In Cile, ogni ruga esprime il peso prodotto dalla recentissima storia, ancora presente in ognuno ma scarsamente trattata nei discorsi quotidiani, quasi fosse un mostro sotto al letto sempre in agguato. Si tratta di un prodotto perché le cause che hanno portato al naufragio di un paese intero sono svariate, complesse e connesse. Un prodotto estremamente complicato da analizzare e fallace, perché aggiustato malamente, in fretta e furia e con pezzi vecchi; e, come ogni oggetto posticcio dovrebbe essere trattato con un occhio di riguardo per evitare un’ulteriore rottura, così sarebbe dovuto essere per il Cile post Pinochet.

Mantenere la stessa costituzione scritta da un uomo che ha sguinzagliato militari assetati di sangue e imbottiti di rabbia contro il “suo” popolo per le sue strade, che ha obbligato per anni a rinchiudersi nelle proprie case per evitare di morire ammazzati, o ancora peggio, sparire nel totale anonimato di torture silenti, dolorose e umilianti, è irrispettoso e pericoloso. Pericoloso perché il rischio che la storia si ripeta è alto, irrispettoso per chi patisce una Costituzione che invece di dare diritti li strappa via.

Dopo solo 32 anni dalla fine della dittatura, i giovani figli del terrore di Pinochet si armano: chi di pugni, chi di fuoco, chi di un cucchiaio e una pentola per smorzare l’assordante silenzio della strafottenza verso gli ultimi, ma c’è anche chi si arma di un mutismo attonito e di stima.

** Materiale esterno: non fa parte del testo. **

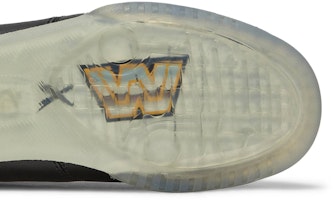 WWE Sasha Banks x FILA 原創健身鞋 '黑金' 1FM00728-042 Purchase WWE Sasha Banks x FILA 原創健身鞋 '黑金' 1FM00728-042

Questi ultimi sono prevalentemente anziani e adulti, che vedono i loro figli e nipoti tirare fuori il coraggio, la forza e la voce che è mancata loro, e che purtroppo li conduce ad armarsi anche di terrore.

Perché le scelte del presidente Piñera di far scendere l’esercito per le strade del suo caro amato paese e di imporre un coprifuoco che viola il diritto umano alla libertà, hanno squarciato una ferita nell’animo dei cileni che ha finito a malapena di sanguinare e che adesso si fa ancora più profonda.
Con un trauma scarsamente metabolizzato alle spalle e occhi inquieti nel ricordare, la popolazione più anziana si prepara a ripetere un incubo assolutamente totalizzante per la seconda volta nella sua vita.

Come se già non bastasse essere schiacciati quotidianamente da uno stato capitalistico prorompente, neo liberista, fintamente democratico, brutta copia dei vicini Stati Uniti, che affama la sua gente per commerciare con i Paesi del primo mondo, esportandosi e svuotandosi, con il fine ultimo di arricchirsi sfruttando e di lanciare a fiotti soldi ai privati.

I quali, ubriachi di denaro, prendono il volo distaccandosi dalla schifosa povertà, per poter godere tranquilli di tutte le agevolazioni che il loro caro amato compagno Padrone concede gratuitamente. È uno stato che spompa le persone, costringendole ad inventarsi modi di guadagno che, con gli occhi da occidentale che porto, sono a dir poco ridicoli”.